Il y a six ans, tu as pris ma main, tu l'as empoignée, serrée si fort, et nous avons cessé de marcher, pour ne plus que danser, danser, virevolter, sur le chemin de la vie. Je suis cette feuille que ta brise embrasse et emporte loin, dans un voyage éternel, une beauté insondable, des couleurs irréelles ; Mon Octobre.

Nos projets ont pris possession de cette toile, la peinture de nos journées, l'aquarelle de nos activités, n'a de fin que dans tes baisers, pour reprendre de plus belle ; hirondelles. Et Paris comme frontispice de nos rires, Paris comme un pinceau délicat. Et peinturlurer nos doigts, pour dessiner des ballons, dans le pli de ces commissures, qui nous emportent, transportent, jusqu'au bonheur enfantin, innocent et pur.
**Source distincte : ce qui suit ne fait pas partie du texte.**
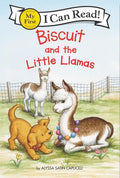 Biscuit and the Little Llamas - Hardcover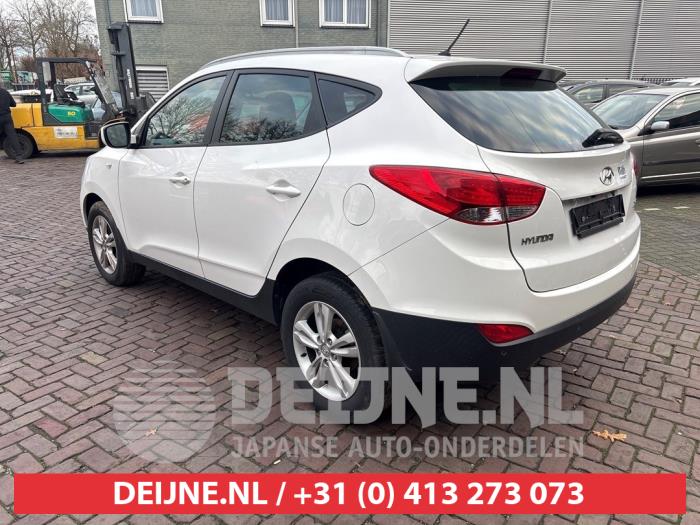 Hyundai IX35 Achterklep reflector links O705442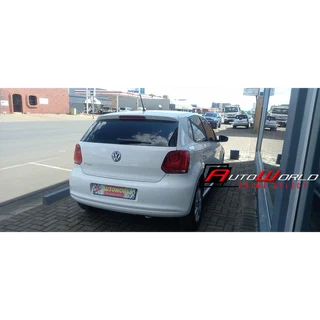 2013 Volkswagen Polo Vivo Hatch 1.4 Trendline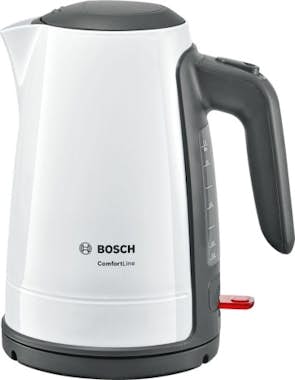 Bosch Bosch TWK6A011 1.7L 2400W Gris pardo, Color blanco
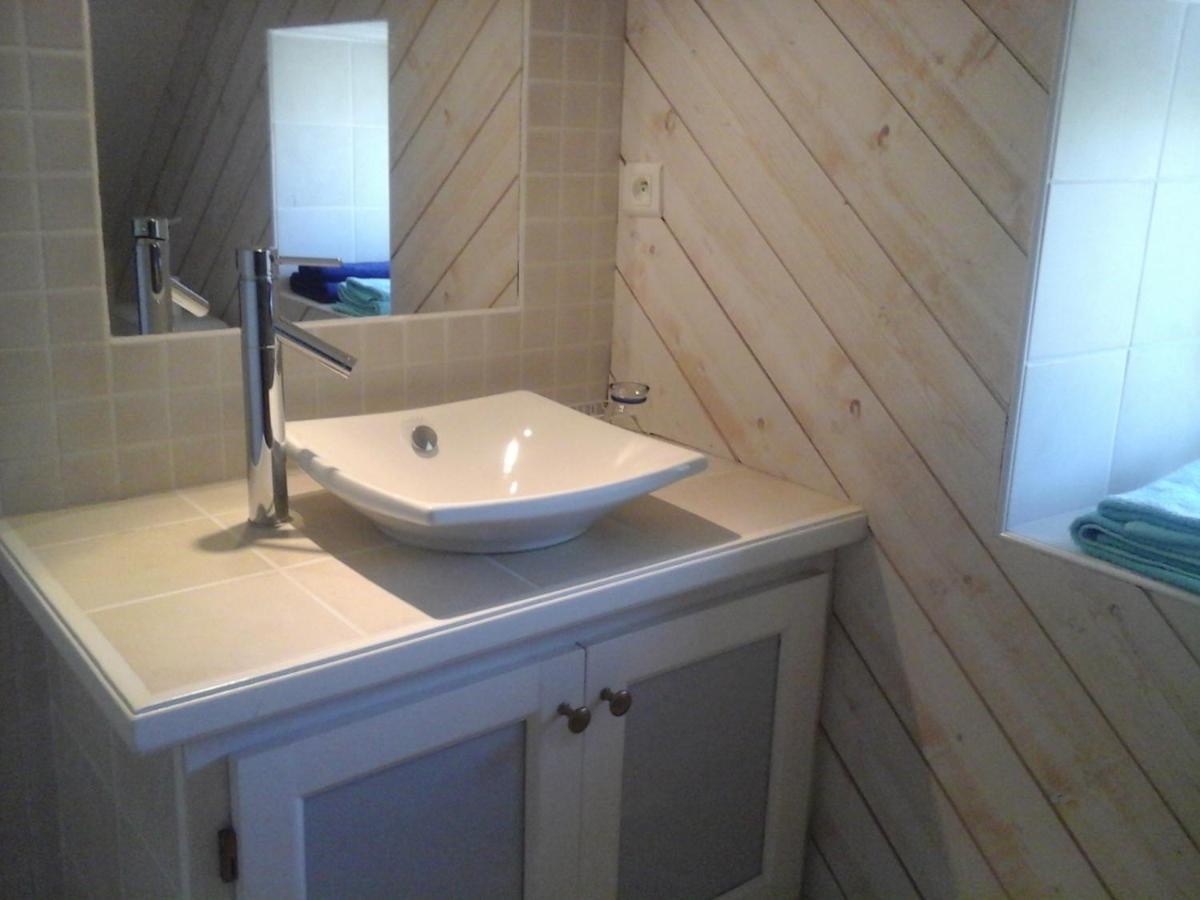 Chambres D'Hotes De Campagnet Moyrazes 外观 照片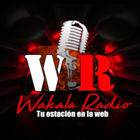 Wakala Radio ícone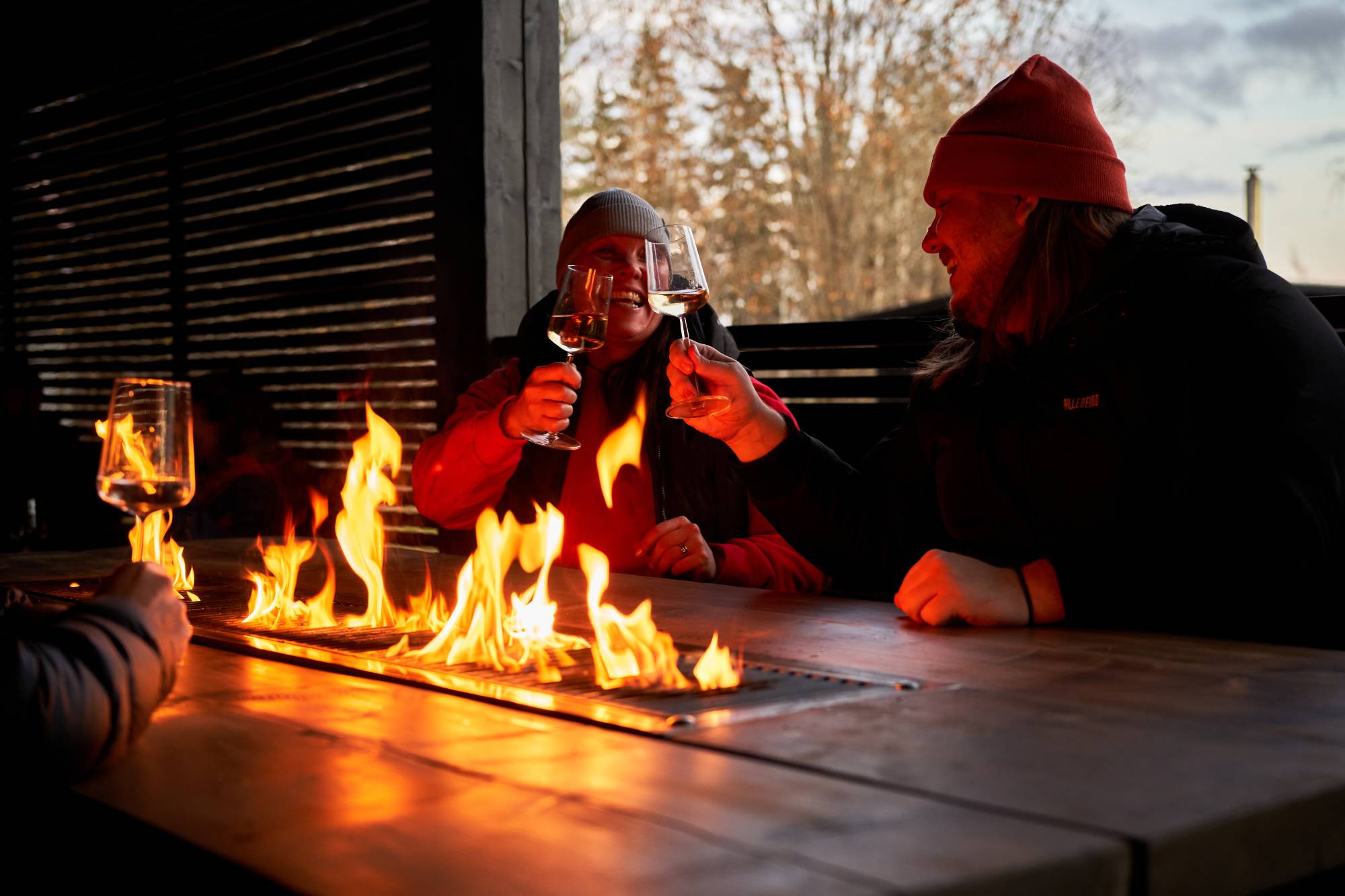 Kauppojen yö Aurassa 24.10. – Tule kokemaan SocialBBQ-tunnelma Auranportilla!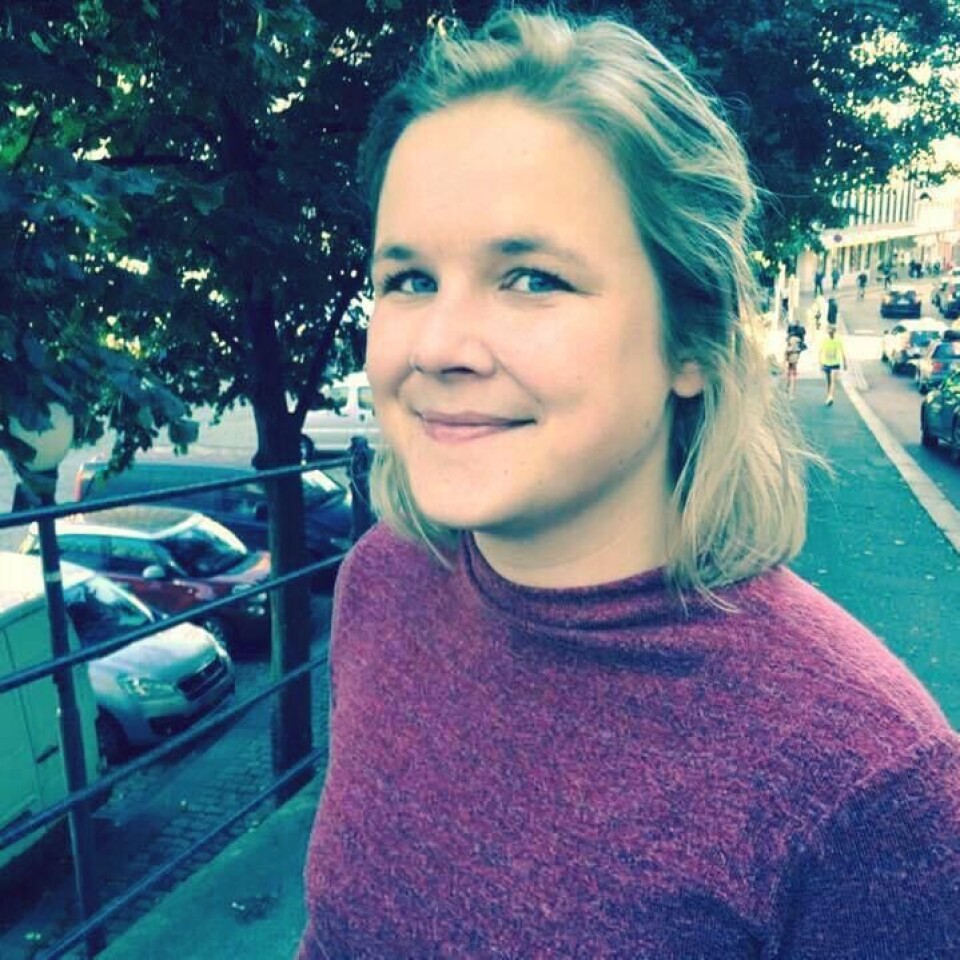 Kristin Nyheim Jakobsen.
Notre enfant sera heureux, au milieu de nos cœurs tambours, dans le vacarme de notre amour. Nous n'avons jamais perdu l'innocence que nous lirons dans ses yeux, nous n'avons jamais abandonné l'émerveillement enfantin, nous avons su embrasser l'adulte subrepticement glissé sous notre peau tout en continuant de tenir la main à l'enfant qui est en nous.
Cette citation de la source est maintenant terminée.